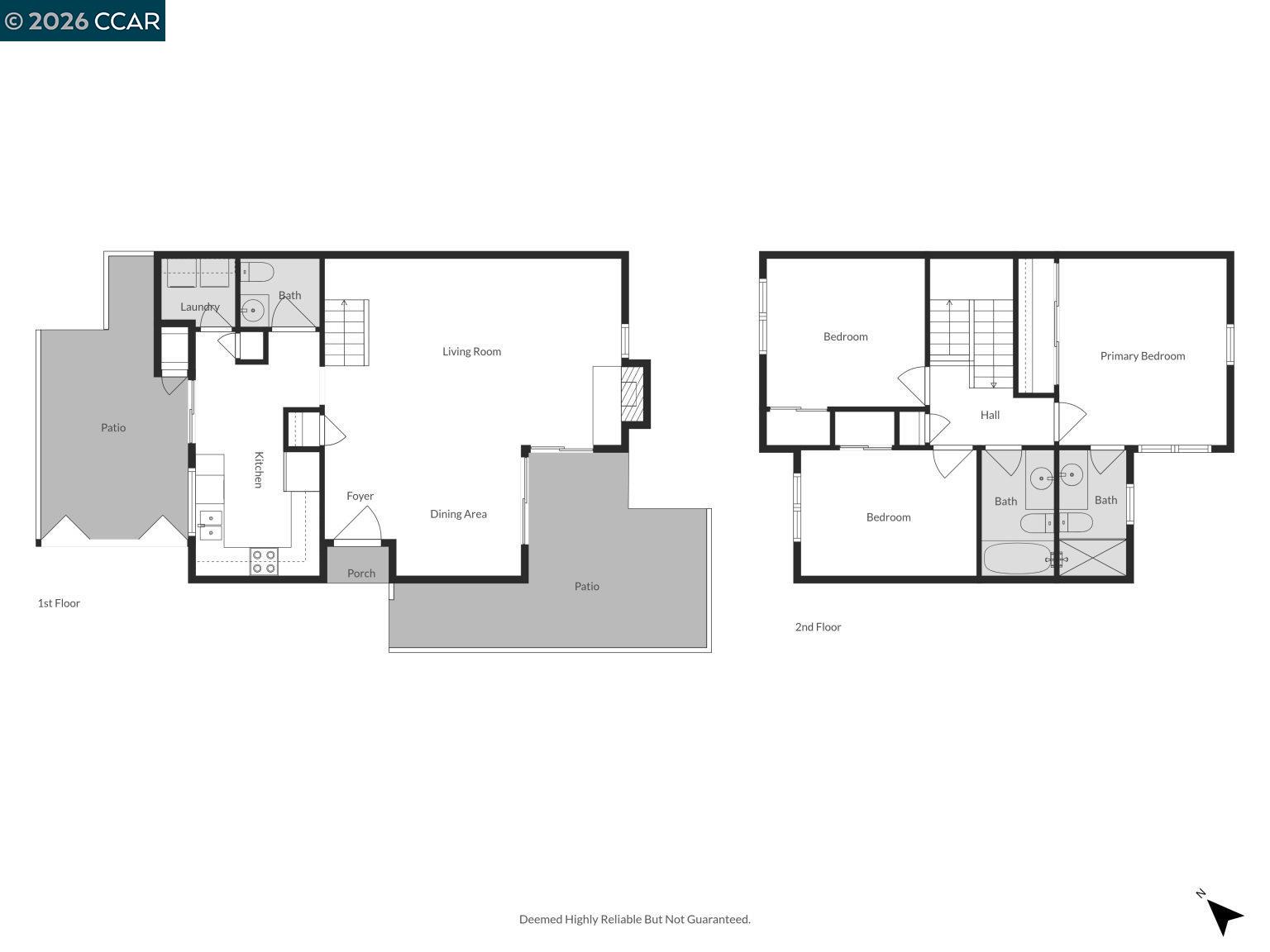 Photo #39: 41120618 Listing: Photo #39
* * *
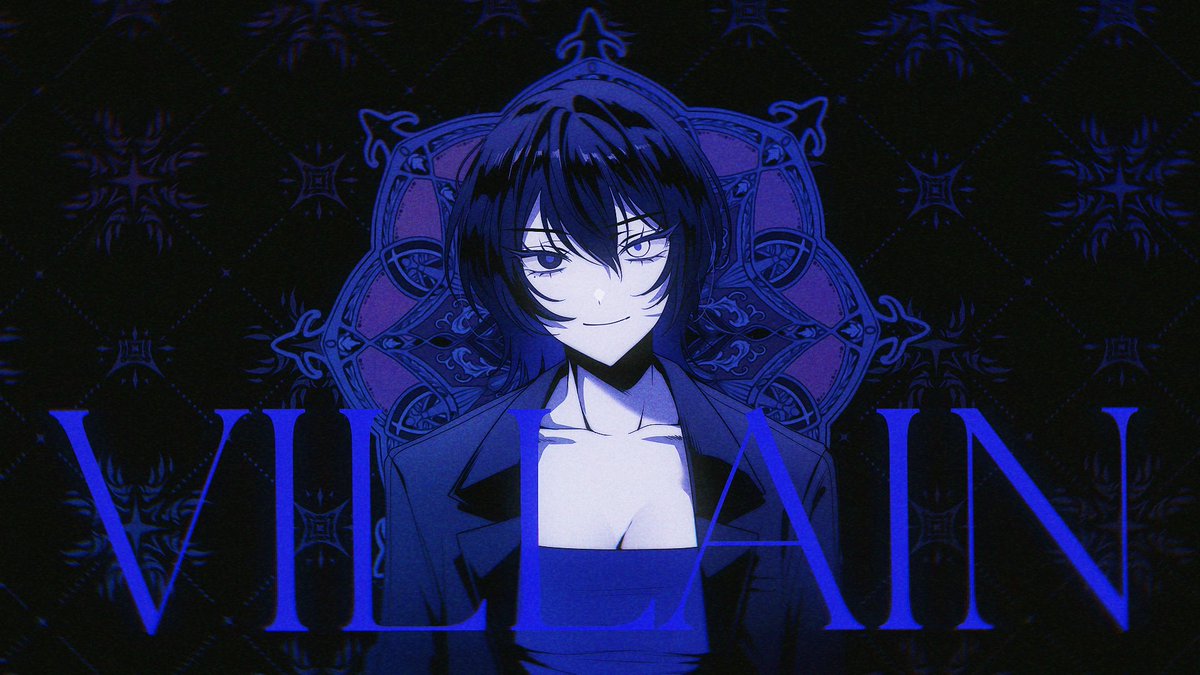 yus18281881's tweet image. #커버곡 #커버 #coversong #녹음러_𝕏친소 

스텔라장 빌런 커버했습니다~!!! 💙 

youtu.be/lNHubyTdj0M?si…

* WHAT THIS TASK INVOLVES
Now transcribe the lines above exactly, starting at the line containing "yus18281881's tweet image." and ending at the line containing "youtu.be/lNHubyTdj0M?si…", both lines included, pictures excluded.

* SOLUTION TO THE PROBLEM
 yus18281881's tweet image. #커버곡 #커버 #coversong #녹음러_𝕏친소 

스텔라장 빌런 커버했습니다~!!! 💙 

youtu.be/lNHubyTdj0M?si…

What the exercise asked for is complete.